Moi eschatologique (Le)

Éric Volant

La figure de l'Angelus Novus*, icône peinte par Paul Klee et évoquée par Walter Benjamin* comme représentant la continuité historique des générations symbolise la survie au-delà de la mort de ceux qui nous ont précédé dans la mort. En naissant, nous sommes attendus par nos ancêtres pour parfaire et accomplir les oeuvres que ceux-ci n'ont pas pu achever. Jean Ziegler poursuit cette même «perspective transcendentale» (l'expression est de Jean-Marie Brohm) en élaborant sa notion de «destin social postmortuaire de la conscience»: les morts continuent d'agir au-delà de la mort. Alors que leur corps retourne au néant, leur conscience poursuit son destin social parmi les vivants. Jean Ziegler s'inspire dans sa présentation de la conscience posthume de la figure du «moi eschatologique» d'Ernst Bloch.
Pour Michel Henry, « Naître, ce n'est pas venir dans le monde. Naître, c'est venir dans la vie» (C'est moi la vérité. Pour une philosophie du christianisme, Seuil, 1996, p. 79). Jean-Marie Brohm poursuit cette même pensée: «Venir dans la vie, c'est-à-dire en tant qu'ipséité d'un vivant, c'est aussi dans la perspective transcendentale de ce que Jean Ziegler appelle le «moi eschatologique», s'insérer dans la continuité des générations et, par delà la mort, maintenir la vie en tant que transmission, trace, tradition. Vivre, c'est aussi survivre en tant qu'oeuvre, accomplissement et réalisation. Nous entendons ici un écho de la voix de l'Angelus Novus de Walter Benjamin auquel Ziegler se rapporte sans nommer celui-ci: «Les morts continuent d'agir au-delà de la mort. Leurs cadavres se dissolvent, mais les oeuvres qu'ils ont créées, les institutions qu'ils ont animées, les idées qu'ils ont mises au monde, les affections qu'ils ont suscitées continuent d'agir et de fermenter. Alors que leur corps retourne au néant, leur conscience poursuit un destin social parmi les vivants. [...] Tout homme, donc tout mort, est investi d'un sens social. Tout homme, aussi écrasé, aussi humble, aussi misérable qu'il soit, aime, parle, rêve, désire, bref: transmet des pensées aux autres. Ses pensée, ses affections, son regard et sa plainte continueront d'agir - dans la conscience d'autrui - au-delà de sa mort». (Les vivants et la mort, Seuil, 1975, p. 271).

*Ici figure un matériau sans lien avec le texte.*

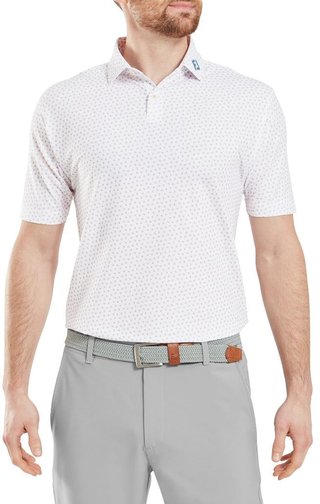 FootJoy Bounce Print Pique men's polo, white/orange/blue jay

Or, Ziegler emprunte à Ernst Bloch (Geist of Utopie Berlin, 1923, p. 358 s.) la figure du «moi eschatologique» qui désigne et postule la «vraie réalité». Annoncée en rupture avec la réalité présente, cette vraie réalité n'est pas encore venue, mais elle est encore à venir.Ce «moi eschatologique» accomplira l'ultime étape de la conscience et permettra «à l'homme de nouer avec autrui des relations d'identité» et à développer ce que Feuerbach, déjà avant Bloch, a nommé «une conscience de l'espèce». Pour Feuerbach, en effet, seul un être qui a pour objet sa propre espèce, sa propre essence, est susceptible de prendre pour objet, dans leurs significations essentielles, des choses et des êtres autres que lui.» (Manifestes philosophiques, traduction de Louis Althusser, PUF, 1960, p. 57-58) Éclairé par Bloch et Feuerbach, Ziegler parvient à la conclusion que: «cette conscience de l'espèce est constitutive de l'homme total à venir». Grâce à ce sens social ou à ce souci d'autrui, le «moi eschatologique» peut, dores et déjà, revendiquer la finalité postulée de l'histoire: survivre et poursuivre sa mission à travers les générations successives qui viendront après lui.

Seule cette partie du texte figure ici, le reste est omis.